Gail Riffe shares breast cancer survival story: MD Anderson was there to help her fight
Gail Riffe wasn’t sure if her concerns merited taking a trip to MD Anderson Cancer Center in Houston. She’d felt the lump one evening while ironing, and the next morning as soon as she slammed the snooze button on her alarm she felt the lump had grown practically to the size of a grape.
She did know it needed to be checked out by a doctor, so she went to her doctor in Beaumont, who performed a mammogram and offered to perform an ultrasound in a couple weeks, discussing these results with her in a couple more weeks on whether she should go see a specialist.
Riffe asked if there was anything they could do so she wouldn’t have to wait over a month to hear her results. Her doctor said she could give MD Anderson a call.
“It was like I was hit in the stomach when she said that,” Riffe said. “I was thinking ‘Do I really need this or do I wait?’ And she wondered if it’s really something they can get you in in a few days and do it all in one day.”
Riffe was unsure, but she made the decision to take a day to go.
It was a whirlwind of a day, full of mammograms, ultrasounds, and four different biopsies, just in case.
“I got there about 6:30 that morning to do blood work and I did not leave until 7 that night, but they told me when I left that I had breast cancer and that they’d get a plan together and call me in a couple of days,” Riffe said. “Within about a week and a half I had my first chemo. It was all done in one day, and afterward they told me I had it.”
Riffe took a year, after her diagnosis in August 2015, to fully recover from her bout with breast cancer. She underwent all three types of treatments: first chemotherapy to shrink the cancer, then surgery to fully remove it, then radiation to make sure every last trace of it was eradicated.
Four years later, Riffe is cancer-free, according to the results of her checkup last week at MD Anderson.
“I had all my tests redone and so far so good, no occurrences of it as of right now, but I’m still taking the dreaded medicine that is supposedly to keep it away that has pretty bad side effects to it,” she said. “They tell me ‘Deal with it. You need it worse than what the side effects are.’”
That’s the key, says Riffe: Do what they tell you, because the folks at MD Anderson know what they’re doing.
“They spend a great deal of time talking to you, and each nurse would tell you things when you’re going down there for treatment, just rest and take it one day at a time, just be around positive people, don’t drink, stay away from negative people,” she said. “Each person you went to had their own story and they’ll tell you little bits and pieces.
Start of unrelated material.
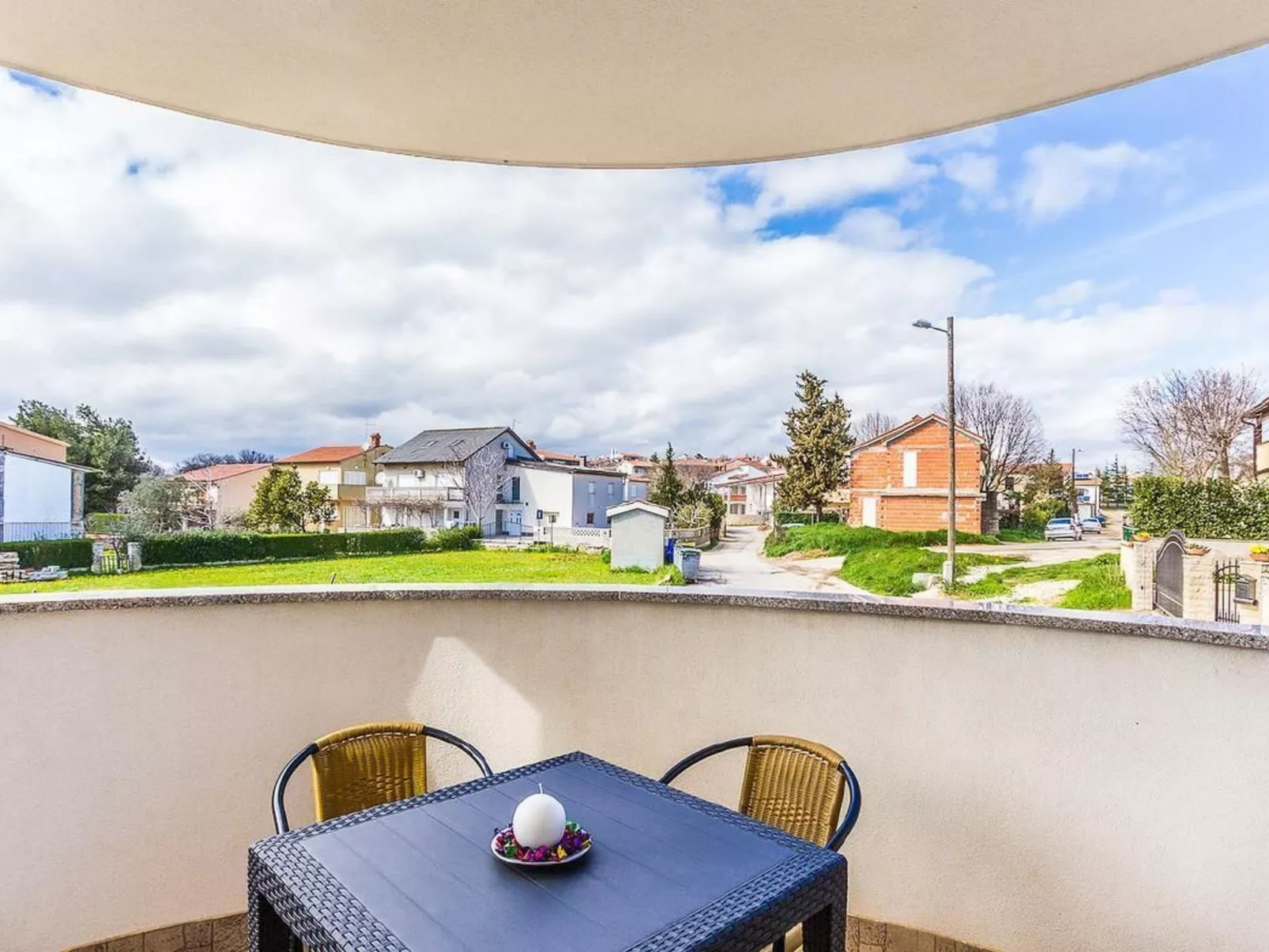 Für 5 Personen ca. 58 m&sup2; in Medulin, Istrien (Medulin und Umgebung)-Buiten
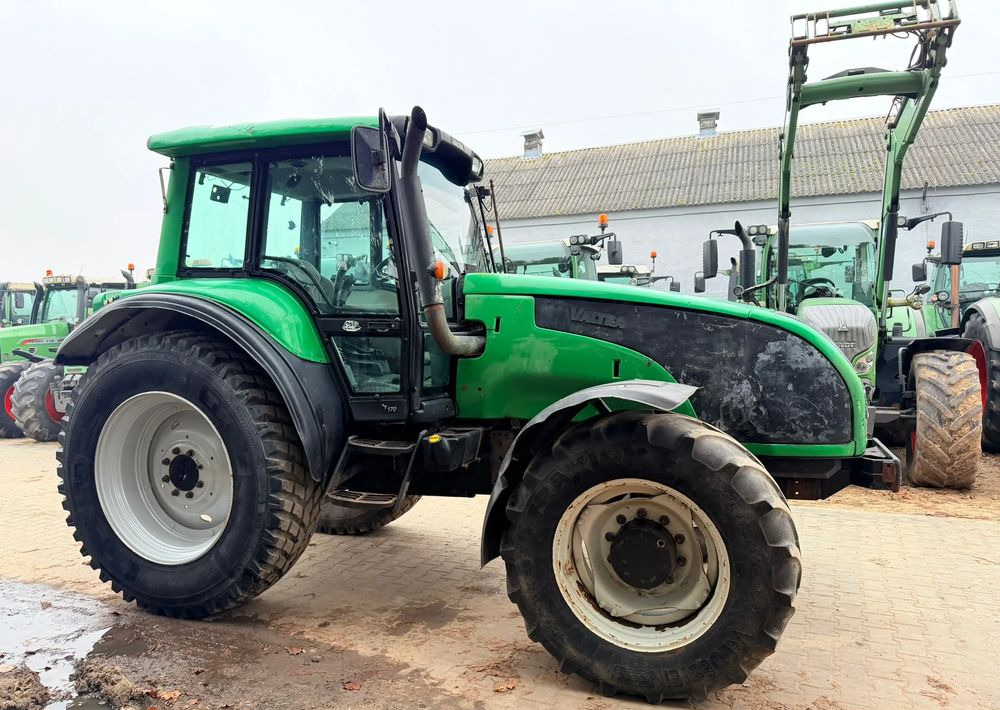 Valtra T 170 - Farm tractor: picture 1 Valtra T 170 - Farm tractor: picture 1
They’re wonderful, they gave you good advice.”
For her chemo regiment, Riffe spent three months going up to Houston once a week for the first round. Afterwards her doctors added additional medicines, requiring her to make the trip every three weeks for an additional three months.
“They tell you it takes a week for the chemo to kill your system,” Riffe said. “Then it takes another week to bring your system back up to where it’s strong enough to get the chemo again, so it’s a three week process.”
The second round was the point chemotherapy began taking its toll on Riffe, but she never became too sick, and certainly not too sick to work.
“I felt bad and I felt nauseated a little bit, but I never missed a single day other than going to get the chemo, and I’m proud of that,” she said. “It was a long ordeal.”
Riffe, who works at Kirk Ellender Edward Jones in Nederland, had the support of her office, which helped cover her responsibilities during treatment, and even raised money to help with traveling expenses and to cover costs for an apartment in Houston she rented during radiation treatments.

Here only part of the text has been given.